Overview
Kubernetes users inevitably face cluster issues requiring debugging and resolution to maintain smooth operation of pods and services. Cloud-native DevOps, in particular, involves managing containers, microservices, and auto-scaling, which can be complex. GenAI can aid in troubleshooting and executing operational tasks related to platforms like Kubernetes. This may entail utilizing natural language prompts to initiate, revert, or gain insights into the cluster.

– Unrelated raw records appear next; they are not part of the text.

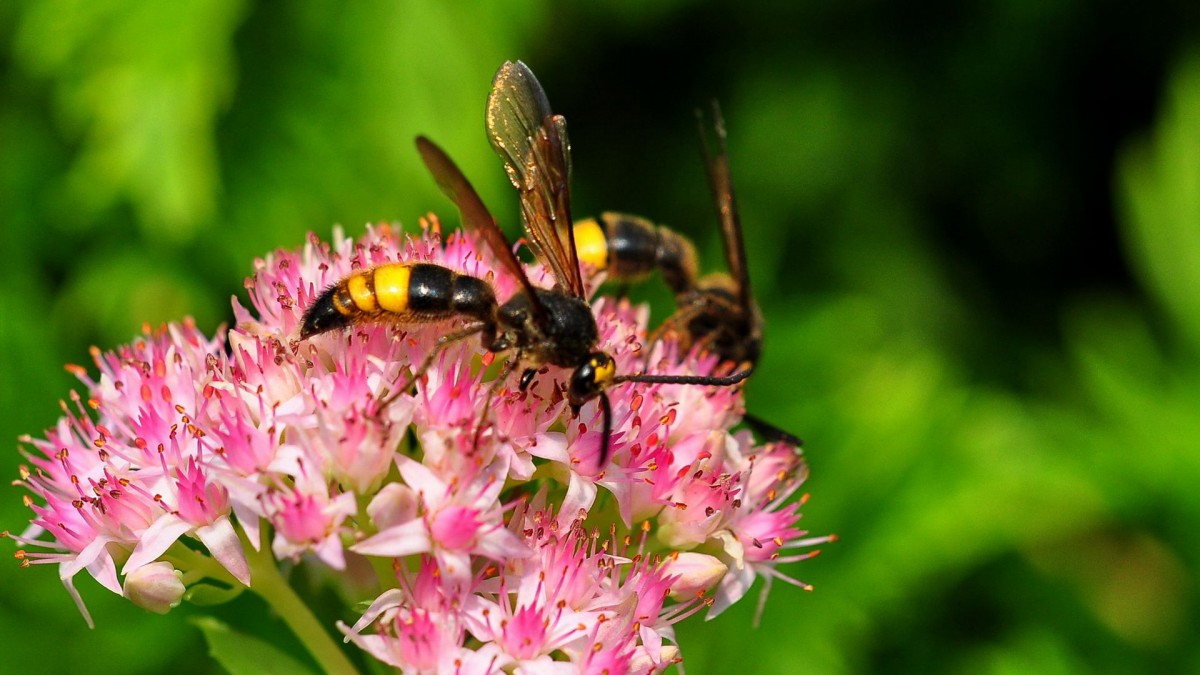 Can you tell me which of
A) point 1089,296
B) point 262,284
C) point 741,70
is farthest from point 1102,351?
point 262,284

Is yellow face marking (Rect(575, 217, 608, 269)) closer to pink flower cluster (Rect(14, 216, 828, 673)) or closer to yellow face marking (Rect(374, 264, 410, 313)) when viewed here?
pink flower cluster (Rect(14, 216, 828, 673))

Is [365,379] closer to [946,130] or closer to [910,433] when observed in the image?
[910,433]

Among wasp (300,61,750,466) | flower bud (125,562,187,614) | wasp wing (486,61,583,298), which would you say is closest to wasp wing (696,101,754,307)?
wasp wing (486,61,583,298)

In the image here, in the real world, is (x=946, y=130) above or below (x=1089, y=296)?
above

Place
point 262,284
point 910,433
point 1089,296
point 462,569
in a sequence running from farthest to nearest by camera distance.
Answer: point 1089,296 → point 910,433 → point 262,284 → point 462,569

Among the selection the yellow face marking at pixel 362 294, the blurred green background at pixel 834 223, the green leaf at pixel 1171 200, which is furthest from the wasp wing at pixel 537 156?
the green leaf at pixel 1171 200

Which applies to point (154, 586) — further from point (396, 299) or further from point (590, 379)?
point (590, 379) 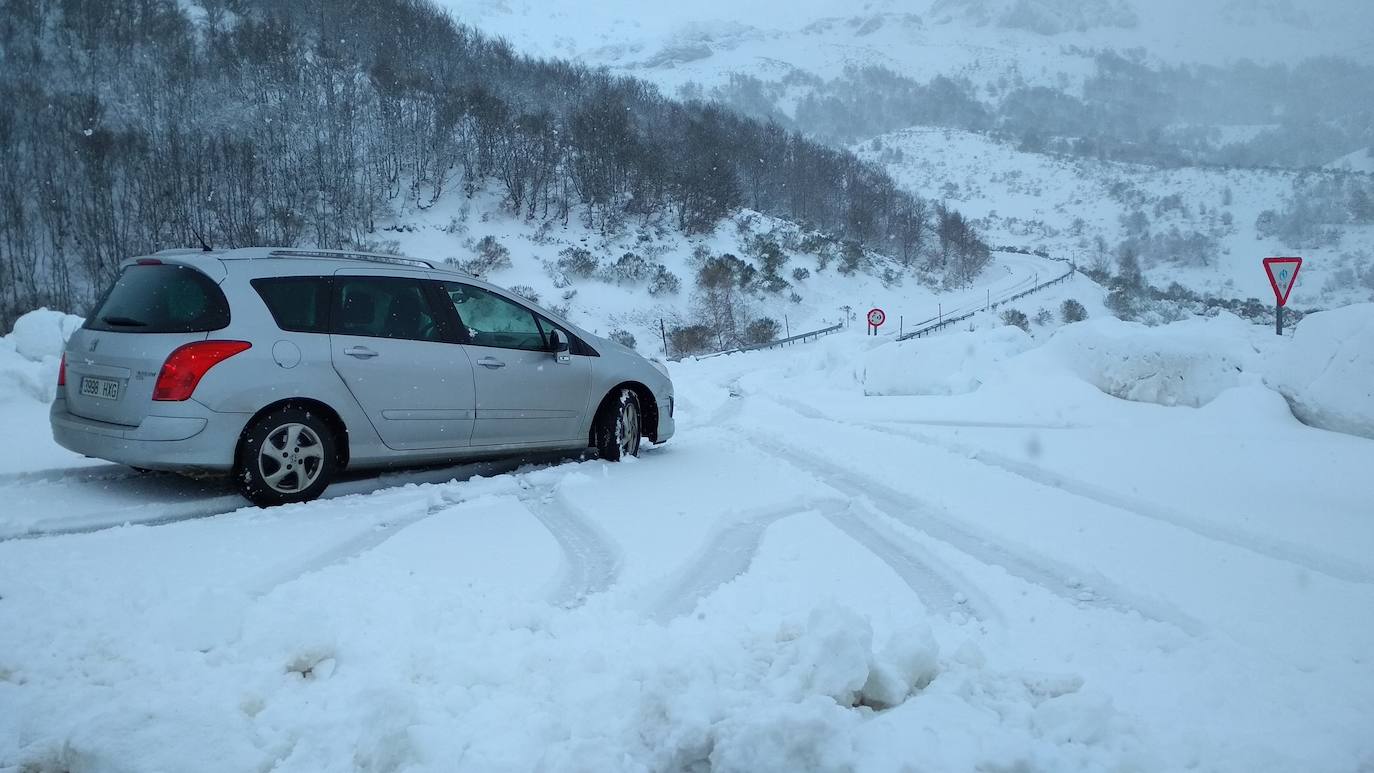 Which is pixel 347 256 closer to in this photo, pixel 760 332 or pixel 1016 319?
pixel 760 332

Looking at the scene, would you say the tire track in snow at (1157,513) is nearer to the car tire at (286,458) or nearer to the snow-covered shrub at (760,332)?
the car tire at (286,458)

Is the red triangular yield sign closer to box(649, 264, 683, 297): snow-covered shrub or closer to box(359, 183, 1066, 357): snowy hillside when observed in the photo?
box(359, 183, 1066, 357): snowy hillside

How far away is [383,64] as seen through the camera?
51.8 meters

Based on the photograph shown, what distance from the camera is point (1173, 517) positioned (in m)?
4.71

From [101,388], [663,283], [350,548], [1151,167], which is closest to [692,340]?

For instance, at KubeCon + CloudNativeCon 2023, Kubiya introduced a generative AI workflow engine capable of interpreting such commands within Slack. Enhancing natural language processing capabilities can empower platform teams to devise new workflows that abstract the intricacies of cloud-native platform management.
K8sGPT
The K8sGPT project is a renowned CLI tool with widespread usage, particularly in production environments by two organizations. It has applied to become a CNCF sandbox project. Its primary functions include:
- Offering detailed contextual explanations of Kubernetes error messages.
- Providing cluster insights.
- Supporting multiple installation options.
- Supporting different AI backends.
One of its key commands is “k8sgpt analyze”, designed to identify issues within Kubernetes clusters. This functionality is facilitated through analyzers, which define the logic of each Kubernetes object and potential issues. For instance, Kubernetes Services analyzers verify the existence of a specific Service, its endpoint, and its readiness.
An even more potent feature is accessible by running the command “k8sgpt analyze –explain”, prompting the AI to provide tailored instructions for the user’s specific scenario. These instructions include troubleshooting actions and precise kubectl commands, simplifying execution via copy-pasting. This efficiency is achievable due to pre-established Kubernetes resource names.
Install
There are several installation options available, depending on your preference and operating system. You can explore these options in the installation section of the documentation.
Before installing K8sGPT, ensure you have Homebrew installed on a Mac or WSL on a Windows machine.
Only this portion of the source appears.